**INPUT DATA**
------------------------------------------------------------------------
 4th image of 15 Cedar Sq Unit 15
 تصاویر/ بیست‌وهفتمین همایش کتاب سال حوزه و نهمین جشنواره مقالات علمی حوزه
------------------------------------------------------------------------
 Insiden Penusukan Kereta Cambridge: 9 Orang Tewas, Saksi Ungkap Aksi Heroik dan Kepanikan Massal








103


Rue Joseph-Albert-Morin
------------------------------------------------------------------------
In the listing above, the lines from the one containing "4th image of 15 Cedar Sq Unit 15" through the one containing "تصاویر/ بیست‌وهفتمین همایش" must be set down exactly, with no other lines.

**THE COMPLETED TASK**
 4th image of 15 Cedar Sq Unit 15
 تصاویر/ بیست‌وهفتمین همایش کتاب سال حوزه و نهمین جشنواره مقالات علمی حوزه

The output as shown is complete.